Psychophysiological interactions: Tic severity (YGTSS)
In Tourette syndrome participants only, four PPI analyses examined whether preSMA and IFG connectivity during Choose-Go and Choose-NoGo trials varied in relation to tic severity according to YGTSS scores. There were no regions where functional connectivity of the preSMA varied in proportion to tic severity. However, the IFG PPI showed a significant correlation with YGTSS in early visual cortices and V4 during Choose-Go (Fig. 7E, Supplementary Table 3F). The IFG Choose-NoGo PPI with YGTSS was not significant.
Psychophysiological interactions: OCD and ADHD severity
In Tourette syndrome participants only, two PPI analyses examined whether preSMA connectivity during Choose-Go trials, and IFG connectivity during Choose-NoGo trials, varied in relation to OCD severity (YBOCS) or ADHD severity (ASRS). There were no regions where functional connectivity varied in proportion to OCD severity. However, the IFG PPI showed a significant correlation with ASRS in premotor cortex (Fig. 7F, Supplementary Table 3G).
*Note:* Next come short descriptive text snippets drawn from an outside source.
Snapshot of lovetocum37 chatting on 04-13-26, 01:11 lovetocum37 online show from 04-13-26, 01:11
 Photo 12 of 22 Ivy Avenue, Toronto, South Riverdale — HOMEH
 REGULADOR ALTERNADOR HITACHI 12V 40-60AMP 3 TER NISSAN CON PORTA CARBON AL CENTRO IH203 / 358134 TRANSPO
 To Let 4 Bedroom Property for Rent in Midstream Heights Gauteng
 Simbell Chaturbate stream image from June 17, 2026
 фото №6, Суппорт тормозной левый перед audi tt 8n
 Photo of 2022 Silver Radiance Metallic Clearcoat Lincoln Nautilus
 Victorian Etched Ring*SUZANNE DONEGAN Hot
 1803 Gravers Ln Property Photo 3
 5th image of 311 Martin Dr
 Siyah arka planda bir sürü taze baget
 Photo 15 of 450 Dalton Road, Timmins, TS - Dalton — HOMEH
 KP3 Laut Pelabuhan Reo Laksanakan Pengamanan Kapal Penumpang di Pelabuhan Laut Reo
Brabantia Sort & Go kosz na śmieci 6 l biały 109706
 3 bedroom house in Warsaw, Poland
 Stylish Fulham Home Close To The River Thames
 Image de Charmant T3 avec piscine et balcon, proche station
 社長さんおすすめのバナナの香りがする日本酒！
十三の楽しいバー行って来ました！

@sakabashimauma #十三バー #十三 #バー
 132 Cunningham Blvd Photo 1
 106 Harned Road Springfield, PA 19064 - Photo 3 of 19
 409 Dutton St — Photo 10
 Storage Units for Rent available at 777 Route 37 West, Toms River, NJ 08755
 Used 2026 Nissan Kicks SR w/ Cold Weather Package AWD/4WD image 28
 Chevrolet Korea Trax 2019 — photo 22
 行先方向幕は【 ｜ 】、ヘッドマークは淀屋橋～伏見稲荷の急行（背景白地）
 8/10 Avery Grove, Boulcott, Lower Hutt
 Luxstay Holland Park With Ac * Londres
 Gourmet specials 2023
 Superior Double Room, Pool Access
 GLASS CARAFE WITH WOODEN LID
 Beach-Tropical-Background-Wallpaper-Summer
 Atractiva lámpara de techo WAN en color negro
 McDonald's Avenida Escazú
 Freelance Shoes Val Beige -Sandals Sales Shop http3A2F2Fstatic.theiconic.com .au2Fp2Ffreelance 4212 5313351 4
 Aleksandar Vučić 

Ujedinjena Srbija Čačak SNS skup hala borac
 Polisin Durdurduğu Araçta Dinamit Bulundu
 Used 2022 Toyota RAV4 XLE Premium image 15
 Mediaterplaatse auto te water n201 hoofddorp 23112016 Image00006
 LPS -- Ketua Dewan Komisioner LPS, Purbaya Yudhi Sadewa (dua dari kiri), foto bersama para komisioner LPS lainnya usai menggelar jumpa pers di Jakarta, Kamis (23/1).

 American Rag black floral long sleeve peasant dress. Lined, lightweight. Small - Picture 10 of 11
The preSMA PPI with ASRS was not significant.
Discussion
Tourette syndrome is characterized by both the ‘unvoluntary’ nature of tics, and the ability of many patients to intentionally supress tic expression. To uncover the neural mechanisms by which people with Tourette syndrome control action, we employed an intentional inhibition task, in which participants chose whether to execute or withhold a simple movement. By monitoring patients’ tics, we could remove confounding influences of tic expression or suppression on our fMRI measurements. This enabled us to undertake a comprehensive analysis of the interactions between prefrontal and motor regions underpinning control of voluntary action in Tourette syndrome in comparison to a control group without tics.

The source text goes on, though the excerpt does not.